The semi-finished goods and finished goods may also be supplied within 6 months with the further possible extension of 2 months from the place of job worker on payment of tax in India, or with or without payment of tax for exports.

In the event that such inputs, semi-finished goods, and finished goods are not returned within 6 months with further possible extension of 2 months from the appointed day, the input tax credit availed at the time of migration to GST shall be recovered as arrears of tax under clause (a) of section 142 (8).

The manufacturer and the job worker shall provide a declaration containing details of the goods held in stock by the job worker on behalf of the manufacturer on the appointed day in such form and time frame as may be prescribed by rules.

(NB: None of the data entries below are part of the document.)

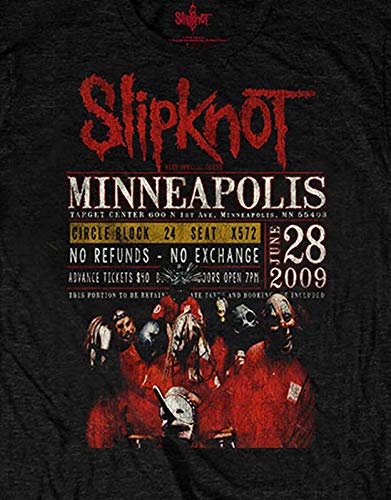 Slipknot - tshirt - Unisex - Short Sleeves - XX-Large image 4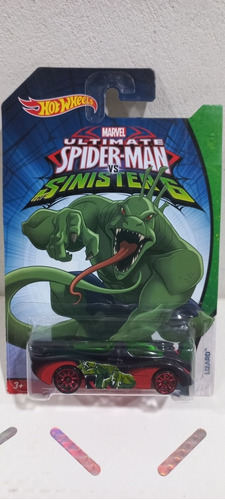 Hot Wheel.  Marvel Spider-man Vs Sinister 6  Power Pistons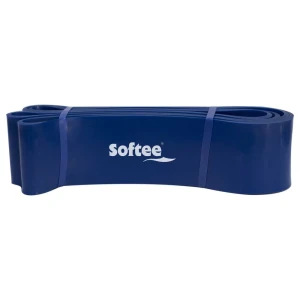 Softee Bande De Résistance Resistance Elastic Band Blue 6.4 cm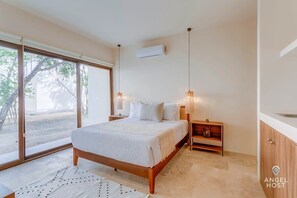 Bedroom 2 with a queen bed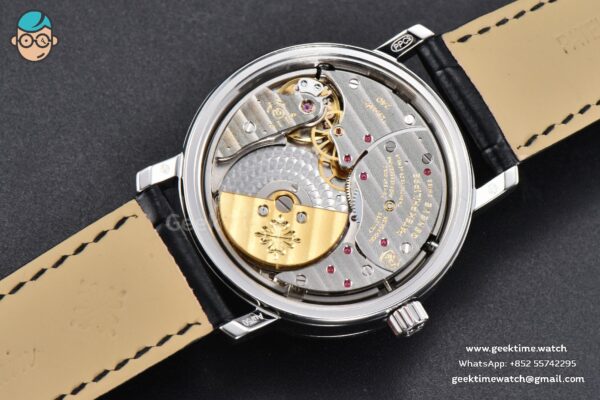 Calatrava 5057G IWF 36.5mm 50th Anniversary Gray Dial Leather Strap - Image 26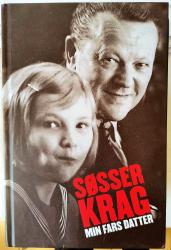 Billede af bogen Søsser Krag. Min fars datter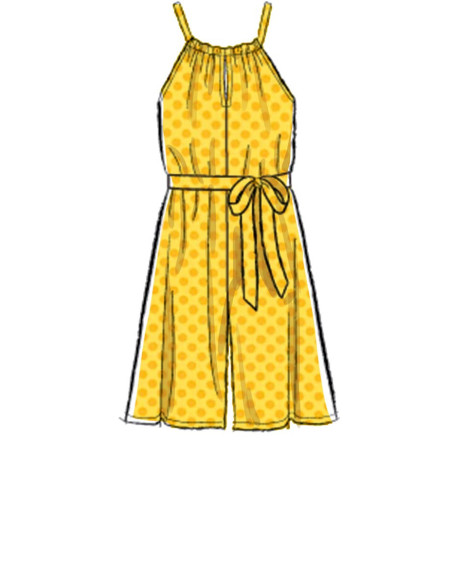 Patron de barboteuse, combinaison et ceinture - McCall's 7917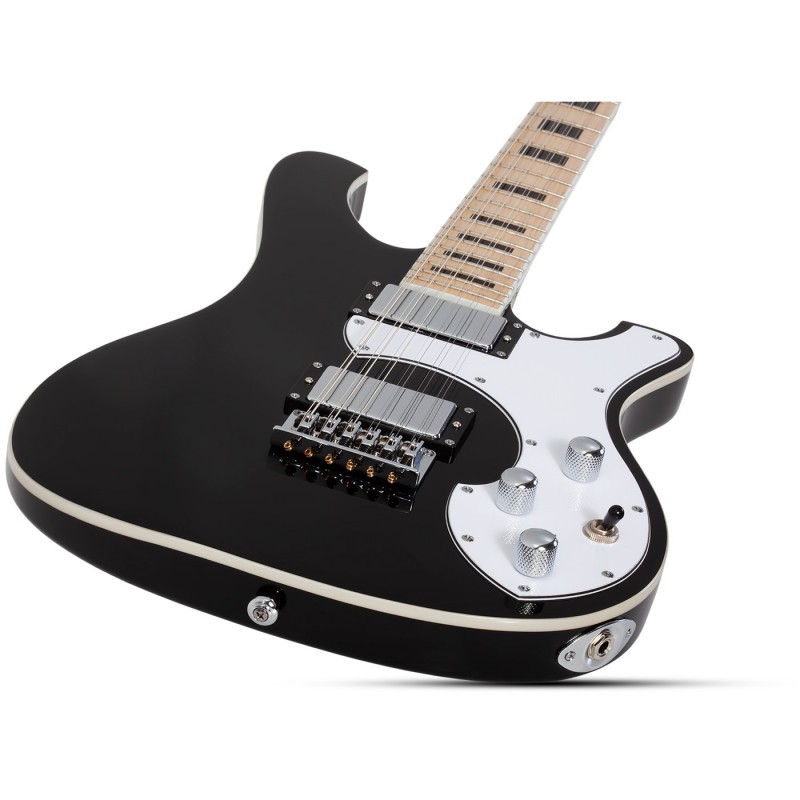 Schecter Stargazer-12 Gloss Black - Gitara elektryczna Schecter Stargazer-12 Gloss Black - Gitara elektryczna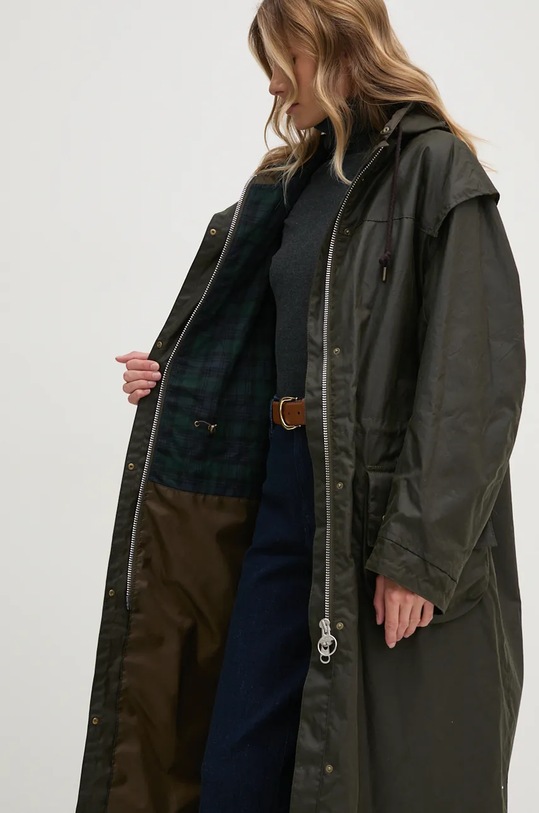 Куртка Barbour X Alexa Liam Wax Jacket LWX1440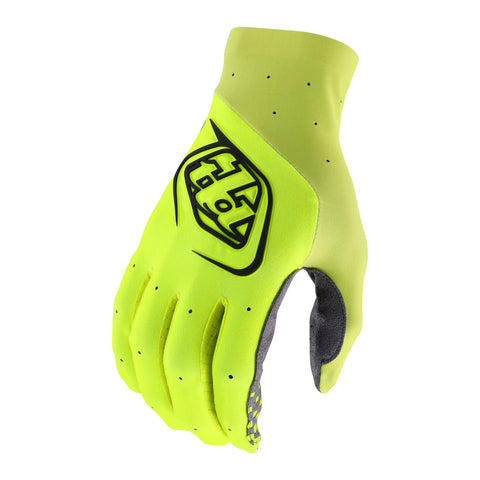 Troy Lee Designs SE Ultra Gloves Solid - Flo Yellow / XL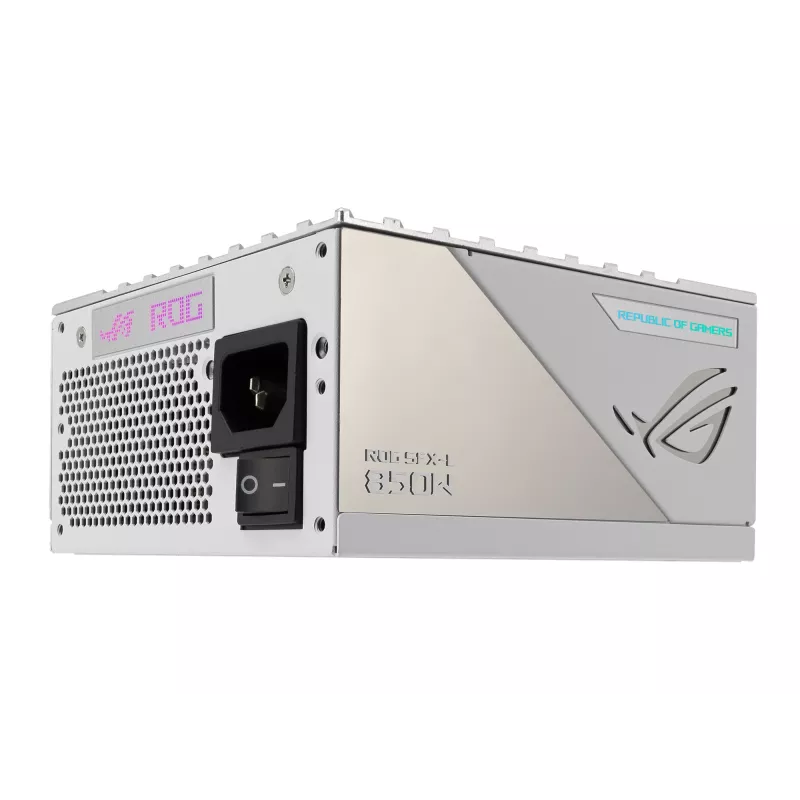 Alimentatore ASUS ROG Loki SFX-L 850W Platinum White 24-Pin ATX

  • Capital goods: Surprisingly, no transition provisions have been made in relation to capital goods which have been sent to job worker prior to the appointed day. Hence it seems that no input tax credit on capital goods sent to job workers place of business would be allowed to be migrated to GST regime.

 Returns:

  • The Principal to furnish details of challans in respect inputs and/or capital goods despatched to, or received from, the job worker during the tax period in FORM GSTR1 return being filed by the 10th day of succeeding month.
  • Similarly, Job worker to furnish details of supply of services provided in the FORM GSTR1 return being filed by the 10th day of succeeding month.

Advantages:

  • Reduced working capital blockage as input tax credit is availed on the inputs and/or capital goods sent for job work. Also, such inputs and/or capital goods are sent for job work without payment of tax.
  • Reduction in input tax related compliances and disputes. Input tax credit calls for stringent compliance procedures and therefore one should brace for disputes in relation to input tax credit with the department. As no taxes are payable in the flow of inputs and/or capital goods in job work process, to that extent there will be a reduced burden of compliances and documentations as required in the normal case.
  • Direct supply to the customer. The job work provisions provide for the supply of inputs and/or capital goods to the customers directly from job workers place of business. This saves the operational and logistical costs involved in bringing those inputs and/or capital goods back to the place of business of Principal before supplying to the customers.